HPLC chromatograms of black rice anthocyanin (left) and black rice anthocyanin exposed to microorganisms (right). Four new peaks were detected as shown on the right (peaks 1–4). Two pigments, corresponding to peaks 1 and 4, showed an absorption maximum at 500 nm. Detection, 520 nm.
Identification of microorganisms The isolated microorganism was entrusted to Techno Suruga Lab for identification based on 16S rDNA sequencing. Results of homology searches revealed that the strain had the highest homology (99.8%) to Enterobacter aerogenes strains RW9516 and RW7M1 stored at the NITE Biological Resource Center (NBRC), Department of Biotechnology National Institute of Technology and Evaluation (Chiba, Japan).
In this study, we found that a microbial strain with high homology to E. aerogenes shifted the absorption peak and the basic structure of black rice anthocyanin. Based on this result, we speculate that the novel pigments were produced by microbial enzymes.

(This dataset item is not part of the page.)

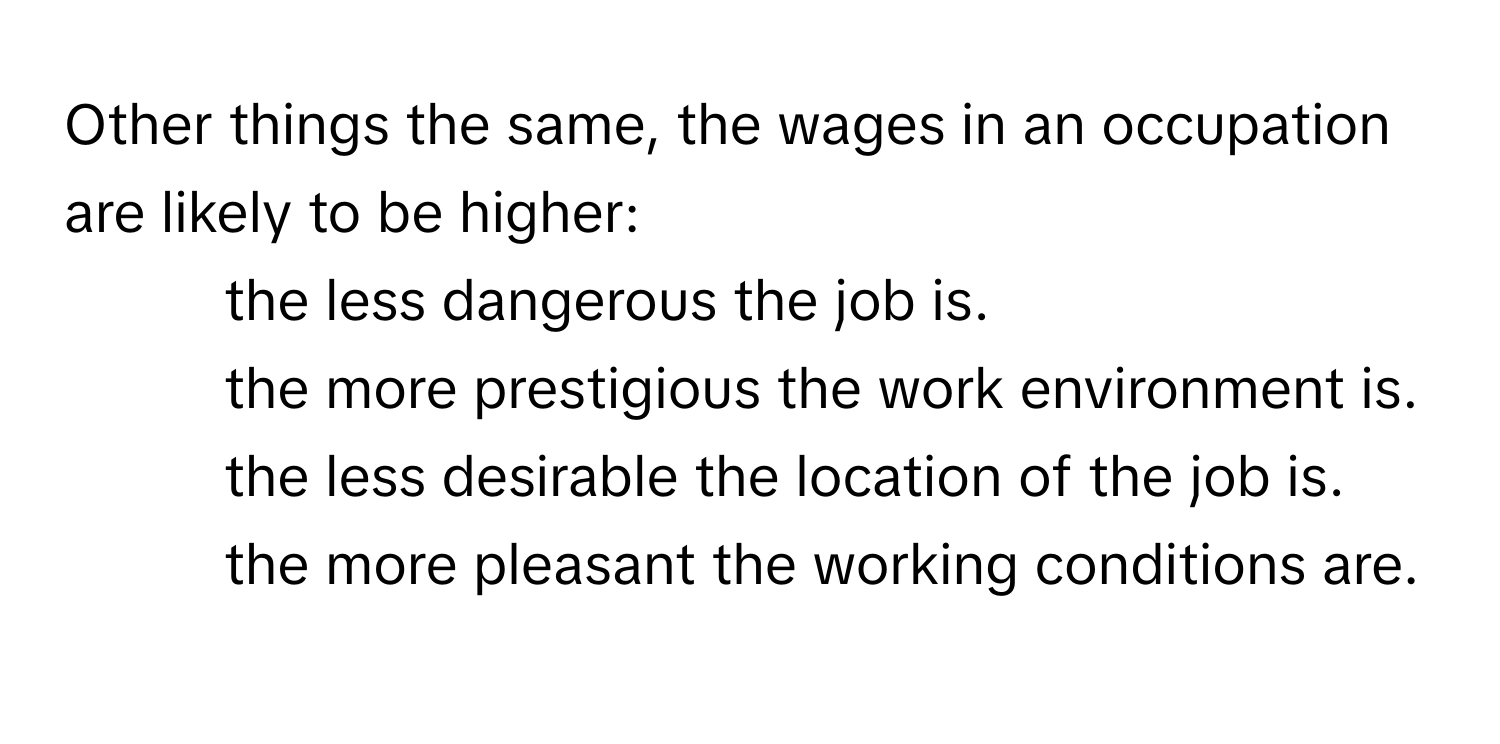 Other things the same, the wages in an occupation are likely to be higher:
* the less dangerous the job is.
* the more prestigious the work environment is.
* the less desirable the location of the job is.
* the more pleasant the working conditions are.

It may be possible to rapidly and cost-effectively produce novel anthocyanins for use in various food applications.
To date, there have been no reports on the structural modification of anthocyanins by microorganisms. In order to improve the antioxidant activity and thermal stability of anthocyanins, we attempted to rapidly produce acylated anthocyanins by microbial enzymes. In this study, four novel pigments not included in black rice were confirmed. In two of these pigments, the structure of the aglycone differed from the black rice pigment, and exhibited a maximum absorption at 500 nm. In future, it is necessary to examine the antioxidant activity and thermal stability of novel pigments. However, the ability to structurally modify anthocyanins from black rice using the microorganism “E. aerogenes” is noteworthy.